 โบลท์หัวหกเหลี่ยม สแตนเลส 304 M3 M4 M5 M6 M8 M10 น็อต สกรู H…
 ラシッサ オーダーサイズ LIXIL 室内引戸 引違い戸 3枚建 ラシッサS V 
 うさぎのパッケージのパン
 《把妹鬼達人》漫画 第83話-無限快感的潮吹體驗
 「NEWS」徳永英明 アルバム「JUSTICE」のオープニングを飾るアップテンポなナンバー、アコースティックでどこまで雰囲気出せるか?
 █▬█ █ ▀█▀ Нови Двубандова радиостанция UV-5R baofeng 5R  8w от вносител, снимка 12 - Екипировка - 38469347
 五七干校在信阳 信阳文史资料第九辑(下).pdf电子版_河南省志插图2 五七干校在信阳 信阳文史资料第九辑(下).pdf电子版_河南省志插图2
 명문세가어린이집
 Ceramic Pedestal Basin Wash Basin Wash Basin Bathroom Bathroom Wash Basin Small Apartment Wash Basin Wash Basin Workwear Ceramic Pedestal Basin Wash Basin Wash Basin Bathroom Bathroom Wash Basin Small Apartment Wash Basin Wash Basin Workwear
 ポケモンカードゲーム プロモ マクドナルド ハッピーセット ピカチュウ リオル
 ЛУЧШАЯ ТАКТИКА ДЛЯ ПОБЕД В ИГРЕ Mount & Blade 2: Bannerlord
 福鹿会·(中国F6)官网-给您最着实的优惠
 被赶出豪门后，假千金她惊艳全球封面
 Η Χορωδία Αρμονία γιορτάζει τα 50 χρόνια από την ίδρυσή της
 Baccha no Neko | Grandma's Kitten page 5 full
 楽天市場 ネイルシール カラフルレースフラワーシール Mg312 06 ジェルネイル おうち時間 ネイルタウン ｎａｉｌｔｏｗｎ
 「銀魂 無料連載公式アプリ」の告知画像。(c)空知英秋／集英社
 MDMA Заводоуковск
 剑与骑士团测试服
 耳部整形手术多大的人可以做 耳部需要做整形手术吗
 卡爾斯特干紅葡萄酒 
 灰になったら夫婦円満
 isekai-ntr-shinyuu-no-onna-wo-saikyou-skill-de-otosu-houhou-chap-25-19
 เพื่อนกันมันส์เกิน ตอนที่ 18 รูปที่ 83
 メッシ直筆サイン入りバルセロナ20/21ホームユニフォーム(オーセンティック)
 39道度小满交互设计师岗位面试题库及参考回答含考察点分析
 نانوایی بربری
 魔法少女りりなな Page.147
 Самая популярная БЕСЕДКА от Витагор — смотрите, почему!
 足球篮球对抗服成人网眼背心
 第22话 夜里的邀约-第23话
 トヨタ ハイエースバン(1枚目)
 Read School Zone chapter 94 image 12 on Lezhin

*****

[BRIEF]
Give back the complete material verbatim.

[SOLUTION FOR THIS TASK]
 โบลท์หัวหกเหลี่ยม สแตนเลส 304 M3 M4 M5 M6 M8 M10 น็อต สกรู H…
 ラシッサ オーダーサイズ LIXIL 室内引戸 引違い戸 3枚建 ラシッサS V 
 うさぎのパッケージのパン
 《把妹鬼達人》漫画 第83話-無限快感的潮吹體驗
 「NEWS」徳永英明 アルバム「JUSTICE」のオープニングを飾るアップテンポなナンバー、アコースティックでどこまで雰囲気出せるか?
 █▬█ █ ▀█▀ Нови Двубандова радиостанция UV-5R baofeng 5R  8w от вносител, снимка 12 - Екипировка - 38469347
 五七干校在信阳 信阳文史资料第九辑(下).pdf电子版_河南省志插图2 五七干校在信阳 信阳文史资料第九辑(下).pdf电子版_河南省志插图2
 명문세가어린이집
 Ceramic Pedestal Basin Wash Basin Wash Basin Bathroom Bathroom Wash Basin Small Apartment Wash Basin Wash Basin Workwear Ceramic Pedestal Basin Wash Basin Wash Basin Bathroom Bathroom Wash Basin Small Apartment Wash Basin Wash Basin Workwear
 ポケモンカードゲーム プロモ マクドナルド ハッピーセット ピカチュウ リオル
 ЛУЧШАЯ ТАКТИКА ДЛЯ ПОБЕД В ИГРЕ Mount & Blade 2: Bannerlord
 福鹿会·(中国F6)官网-给您最着实的优惠
 被赶出豪门后，假千金她惊艳全球封面
 Η Χορωδία Αρμονία γιορτάζει τα 50 χρόνια από την ίδρυσή της
 Baccha no Neko | Grandma's Kitten page 5 full
 楽天市場 ネイルシール カラフルレースフラワーシール Mg312 06 ジェルネイル おうち時間 ネイルタウン ｎａｉｌｔｏｗｎ
 「銀魂 無料連載公式アプリ」の告知画像。(c)空知英秋／集英社
 MDMA Заводоуковск
 剑与骑士团测试服
 耳部整形手术多大的人可以做 耳部需要做整形手术吗
 卡爾斯特干紅葡萄酒 
 灰になったら夫婦円満
 isekai-ntr-shinyuu-no-onna-wo-saikyou-skill-de-otosu-houhou-chap-25-19
 เพื่อนกันมันส์เกิน ตอนที่ 18 รูปที่ 83
 メッシ直筆サイン入りバルセロナ20/21ホームユニフォーム(オーセンティック)
 39道度小满交互设计师岗位面试题库及参考回答含考察点分析
 نانوایی بربری
 魔法少女りりなな Page.147
 Самая популярная БЕСЕДКА от Витагор — смотрите, почему!
 足球篮球对抗服成人网眼背心
 第22话 夜里的邀约-第23话
 トヨタ ハイエースバン(1枚目)
 Read School Zone chapter 94 image 12 on Lezhin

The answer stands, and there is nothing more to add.